Hi! I am Eli Gross.
I have had a lifelong affinity for animation early on and have grown up on animated features and shows including The Prince of Egypt, How to Train Your Dragon, Looney Tunes, and Animaniacs. My specific areas of interest within the animation industry include character design, character animation, visual development, and storyboarding. I have previous experience as an animation student at Santa Monica College and The Animation Academy, and I am now a 3rd-year animation student at Exceptional Minds.

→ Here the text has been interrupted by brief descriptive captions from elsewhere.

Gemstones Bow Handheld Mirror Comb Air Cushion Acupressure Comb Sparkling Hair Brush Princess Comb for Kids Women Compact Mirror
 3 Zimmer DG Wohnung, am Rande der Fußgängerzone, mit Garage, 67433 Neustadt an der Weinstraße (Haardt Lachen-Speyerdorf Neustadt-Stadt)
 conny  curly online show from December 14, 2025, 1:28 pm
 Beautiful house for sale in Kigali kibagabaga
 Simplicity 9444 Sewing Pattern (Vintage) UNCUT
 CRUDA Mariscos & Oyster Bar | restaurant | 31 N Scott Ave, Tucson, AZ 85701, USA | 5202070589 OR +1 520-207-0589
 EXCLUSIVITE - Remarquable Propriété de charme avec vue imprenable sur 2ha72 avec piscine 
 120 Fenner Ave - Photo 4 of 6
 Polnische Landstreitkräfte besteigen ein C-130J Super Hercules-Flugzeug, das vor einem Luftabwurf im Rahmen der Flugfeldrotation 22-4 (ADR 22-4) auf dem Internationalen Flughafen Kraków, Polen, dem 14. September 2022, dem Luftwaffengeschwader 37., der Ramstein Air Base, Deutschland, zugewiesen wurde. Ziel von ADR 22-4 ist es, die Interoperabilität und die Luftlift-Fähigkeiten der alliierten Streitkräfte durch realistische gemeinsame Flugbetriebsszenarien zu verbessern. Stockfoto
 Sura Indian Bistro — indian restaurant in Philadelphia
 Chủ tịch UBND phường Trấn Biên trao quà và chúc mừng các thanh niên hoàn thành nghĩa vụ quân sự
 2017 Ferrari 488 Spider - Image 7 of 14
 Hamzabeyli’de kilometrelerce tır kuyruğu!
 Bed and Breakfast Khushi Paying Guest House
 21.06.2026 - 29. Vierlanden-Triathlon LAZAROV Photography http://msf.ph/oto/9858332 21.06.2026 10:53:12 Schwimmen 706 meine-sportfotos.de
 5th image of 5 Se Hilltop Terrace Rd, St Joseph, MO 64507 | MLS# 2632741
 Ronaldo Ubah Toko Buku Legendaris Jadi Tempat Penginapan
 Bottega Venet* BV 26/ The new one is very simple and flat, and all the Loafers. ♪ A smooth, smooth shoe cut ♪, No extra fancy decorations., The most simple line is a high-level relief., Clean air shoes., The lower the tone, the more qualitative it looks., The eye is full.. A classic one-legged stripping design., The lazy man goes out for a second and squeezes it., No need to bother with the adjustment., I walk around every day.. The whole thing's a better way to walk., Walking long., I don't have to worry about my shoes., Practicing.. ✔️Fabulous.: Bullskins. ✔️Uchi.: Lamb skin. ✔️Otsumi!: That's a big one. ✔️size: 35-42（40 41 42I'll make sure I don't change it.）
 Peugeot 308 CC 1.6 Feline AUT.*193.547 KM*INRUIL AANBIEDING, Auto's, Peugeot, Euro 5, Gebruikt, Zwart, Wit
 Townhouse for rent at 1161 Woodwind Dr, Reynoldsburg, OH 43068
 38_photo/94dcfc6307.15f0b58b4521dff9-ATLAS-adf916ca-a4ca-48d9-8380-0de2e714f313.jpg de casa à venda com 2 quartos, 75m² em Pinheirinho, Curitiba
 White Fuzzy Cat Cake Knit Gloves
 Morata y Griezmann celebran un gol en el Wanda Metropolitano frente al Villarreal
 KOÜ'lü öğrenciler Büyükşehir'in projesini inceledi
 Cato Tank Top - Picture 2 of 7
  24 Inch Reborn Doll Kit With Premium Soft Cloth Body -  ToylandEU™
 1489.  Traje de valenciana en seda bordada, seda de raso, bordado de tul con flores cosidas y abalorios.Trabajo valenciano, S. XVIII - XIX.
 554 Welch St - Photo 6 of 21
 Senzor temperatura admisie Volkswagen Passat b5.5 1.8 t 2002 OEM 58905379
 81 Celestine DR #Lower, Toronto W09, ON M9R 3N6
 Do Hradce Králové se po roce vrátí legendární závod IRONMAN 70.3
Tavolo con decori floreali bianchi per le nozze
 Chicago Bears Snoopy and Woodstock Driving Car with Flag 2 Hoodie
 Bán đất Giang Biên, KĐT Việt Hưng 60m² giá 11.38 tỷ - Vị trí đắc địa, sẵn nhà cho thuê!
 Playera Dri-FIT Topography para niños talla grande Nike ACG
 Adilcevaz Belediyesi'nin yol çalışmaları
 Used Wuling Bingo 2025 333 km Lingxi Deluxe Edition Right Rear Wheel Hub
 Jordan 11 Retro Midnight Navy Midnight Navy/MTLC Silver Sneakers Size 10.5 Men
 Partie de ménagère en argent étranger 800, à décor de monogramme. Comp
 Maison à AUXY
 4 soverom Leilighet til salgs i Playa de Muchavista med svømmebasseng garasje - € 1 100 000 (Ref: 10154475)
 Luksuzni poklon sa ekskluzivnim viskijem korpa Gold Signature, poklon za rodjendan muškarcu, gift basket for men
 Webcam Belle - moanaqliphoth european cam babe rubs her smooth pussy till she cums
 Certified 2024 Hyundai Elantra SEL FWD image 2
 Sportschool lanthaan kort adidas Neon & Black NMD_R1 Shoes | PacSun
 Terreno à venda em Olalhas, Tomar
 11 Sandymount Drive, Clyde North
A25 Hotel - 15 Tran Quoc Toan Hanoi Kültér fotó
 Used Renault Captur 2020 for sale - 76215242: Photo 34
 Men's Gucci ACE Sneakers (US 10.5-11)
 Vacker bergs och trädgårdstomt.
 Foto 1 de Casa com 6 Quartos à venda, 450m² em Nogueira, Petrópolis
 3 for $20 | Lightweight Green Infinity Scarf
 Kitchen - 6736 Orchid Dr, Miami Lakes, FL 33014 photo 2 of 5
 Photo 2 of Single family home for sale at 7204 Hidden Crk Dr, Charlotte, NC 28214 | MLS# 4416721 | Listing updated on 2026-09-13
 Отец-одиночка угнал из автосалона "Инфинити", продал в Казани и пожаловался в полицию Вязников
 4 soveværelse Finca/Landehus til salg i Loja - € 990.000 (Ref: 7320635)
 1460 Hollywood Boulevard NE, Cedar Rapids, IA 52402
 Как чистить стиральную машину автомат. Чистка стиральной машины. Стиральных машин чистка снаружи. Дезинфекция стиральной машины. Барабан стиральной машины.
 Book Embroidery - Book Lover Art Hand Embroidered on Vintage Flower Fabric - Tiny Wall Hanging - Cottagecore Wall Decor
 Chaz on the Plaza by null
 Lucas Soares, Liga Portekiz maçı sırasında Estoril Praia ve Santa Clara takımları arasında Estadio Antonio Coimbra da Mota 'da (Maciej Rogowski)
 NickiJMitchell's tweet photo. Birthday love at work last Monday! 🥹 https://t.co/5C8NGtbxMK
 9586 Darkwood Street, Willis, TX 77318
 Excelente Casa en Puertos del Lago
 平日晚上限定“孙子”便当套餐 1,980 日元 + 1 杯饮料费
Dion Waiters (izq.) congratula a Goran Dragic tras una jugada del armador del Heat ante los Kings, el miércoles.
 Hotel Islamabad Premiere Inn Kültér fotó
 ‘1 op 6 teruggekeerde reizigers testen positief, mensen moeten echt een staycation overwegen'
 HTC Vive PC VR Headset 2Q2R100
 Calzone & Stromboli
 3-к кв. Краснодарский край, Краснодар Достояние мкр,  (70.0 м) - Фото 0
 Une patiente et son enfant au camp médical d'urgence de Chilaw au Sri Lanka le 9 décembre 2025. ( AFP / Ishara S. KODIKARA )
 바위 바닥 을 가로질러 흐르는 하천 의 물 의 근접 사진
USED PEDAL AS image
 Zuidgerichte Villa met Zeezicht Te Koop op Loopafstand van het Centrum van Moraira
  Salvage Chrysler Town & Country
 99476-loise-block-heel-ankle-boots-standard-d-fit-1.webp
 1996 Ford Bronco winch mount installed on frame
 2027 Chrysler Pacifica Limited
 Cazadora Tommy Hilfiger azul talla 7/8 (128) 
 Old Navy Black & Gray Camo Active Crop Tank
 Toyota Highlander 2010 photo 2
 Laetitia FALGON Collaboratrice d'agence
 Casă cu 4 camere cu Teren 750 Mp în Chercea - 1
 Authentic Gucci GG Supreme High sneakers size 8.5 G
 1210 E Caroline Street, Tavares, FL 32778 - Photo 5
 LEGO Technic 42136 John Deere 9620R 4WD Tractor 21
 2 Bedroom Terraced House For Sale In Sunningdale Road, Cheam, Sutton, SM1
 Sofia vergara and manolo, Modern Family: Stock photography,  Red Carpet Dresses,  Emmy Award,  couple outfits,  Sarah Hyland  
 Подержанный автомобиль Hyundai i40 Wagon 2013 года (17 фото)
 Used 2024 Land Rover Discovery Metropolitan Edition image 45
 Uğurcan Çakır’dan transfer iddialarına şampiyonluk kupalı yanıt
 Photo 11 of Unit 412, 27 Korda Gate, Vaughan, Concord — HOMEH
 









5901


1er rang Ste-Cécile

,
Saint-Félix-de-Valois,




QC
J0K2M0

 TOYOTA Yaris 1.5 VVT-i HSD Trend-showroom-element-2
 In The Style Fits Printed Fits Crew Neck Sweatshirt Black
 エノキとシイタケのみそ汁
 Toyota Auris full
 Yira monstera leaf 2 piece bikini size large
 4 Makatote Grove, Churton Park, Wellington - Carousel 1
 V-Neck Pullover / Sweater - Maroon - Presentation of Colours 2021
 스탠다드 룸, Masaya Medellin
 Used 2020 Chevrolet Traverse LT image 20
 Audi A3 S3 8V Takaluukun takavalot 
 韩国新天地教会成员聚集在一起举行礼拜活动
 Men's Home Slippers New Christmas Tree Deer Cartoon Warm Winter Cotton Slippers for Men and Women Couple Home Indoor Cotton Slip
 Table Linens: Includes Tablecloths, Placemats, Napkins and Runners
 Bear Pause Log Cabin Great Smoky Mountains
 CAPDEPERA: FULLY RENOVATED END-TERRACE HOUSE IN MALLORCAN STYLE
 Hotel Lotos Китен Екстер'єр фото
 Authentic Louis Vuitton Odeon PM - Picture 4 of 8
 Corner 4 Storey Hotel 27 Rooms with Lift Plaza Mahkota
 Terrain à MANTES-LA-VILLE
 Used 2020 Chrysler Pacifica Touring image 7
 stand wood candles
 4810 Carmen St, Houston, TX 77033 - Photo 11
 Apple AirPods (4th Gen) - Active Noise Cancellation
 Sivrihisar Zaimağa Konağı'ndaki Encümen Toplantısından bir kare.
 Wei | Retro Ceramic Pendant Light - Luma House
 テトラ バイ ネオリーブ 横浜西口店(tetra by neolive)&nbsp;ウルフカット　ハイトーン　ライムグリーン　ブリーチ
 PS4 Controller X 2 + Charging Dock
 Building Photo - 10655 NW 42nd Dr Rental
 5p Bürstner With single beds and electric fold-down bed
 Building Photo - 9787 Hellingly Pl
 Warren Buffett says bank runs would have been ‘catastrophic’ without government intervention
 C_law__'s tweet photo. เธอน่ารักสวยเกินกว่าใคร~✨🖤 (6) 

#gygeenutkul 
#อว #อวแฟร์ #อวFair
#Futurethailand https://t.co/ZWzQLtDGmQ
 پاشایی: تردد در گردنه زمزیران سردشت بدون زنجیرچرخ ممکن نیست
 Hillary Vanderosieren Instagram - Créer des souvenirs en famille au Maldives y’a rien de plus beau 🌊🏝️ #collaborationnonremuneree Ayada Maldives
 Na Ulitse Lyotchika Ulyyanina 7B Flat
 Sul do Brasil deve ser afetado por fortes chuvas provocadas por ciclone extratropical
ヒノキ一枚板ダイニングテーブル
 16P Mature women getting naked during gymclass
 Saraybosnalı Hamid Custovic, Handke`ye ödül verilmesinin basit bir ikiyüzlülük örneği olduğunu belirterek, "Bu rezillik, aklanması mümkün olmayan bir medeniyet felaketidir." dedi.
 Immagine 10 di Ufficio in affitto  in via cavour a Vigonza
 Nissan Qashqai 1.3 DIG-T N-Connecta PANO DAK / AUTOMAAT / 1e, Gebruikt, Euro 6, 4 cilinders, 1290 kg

I also have great admiration for nature, with Discovery Channel, Animal Planet, and Steve Irwin being my major influences. Whenever I had the opportunity, I would find ways to be able to work with animals and learn about wildlife. To name a few examples, I babysat the neighbors’ dogs, was a veterinary assistant, a horse-wrangler/riding instructor, a scuba diver, and eventually zookeeper. As much as I love the fantasy of living like Steve Irwin, it was difficult to reconcile if I eventually wanted a steady, safe, and more realistic occupation, with less physical strain and injury involved. When I was involved with the Boy Scouts, the screenwriter for Shrek 2 and Smurfs was in my troop. I got to witness him writing on those animated films in his notebook while we were all camping. He convinced me that my vast background and experience with animals would make me stand out as an animator since creature design, which is difficult to acquire, is a major quality in the animation industry and that working as an animator would be a very cool experience to put my knowledge to use. I also found out that for animated features including The Lion King (Disney) and Spirit: Stallion of the Cimarron (DreamWorks), studios had to import live animals as reference, and that having previous experience with animals gave animators a cutting edge and that would also allow me to hit the ground running. Since then, I knew I wanted to become an animator.
Breathing life and charm into drawn characters is an ongoing passion driving me to inquire about working in the animation industry. Because of this, my artistic inspiration is mainly derived from classic animators Chuck Jones, Don Bluth, Genndy Tartakovsky, Tex Avery, and James Baxter, who all are great examples of this. I am also excited to learn new styles and techniques.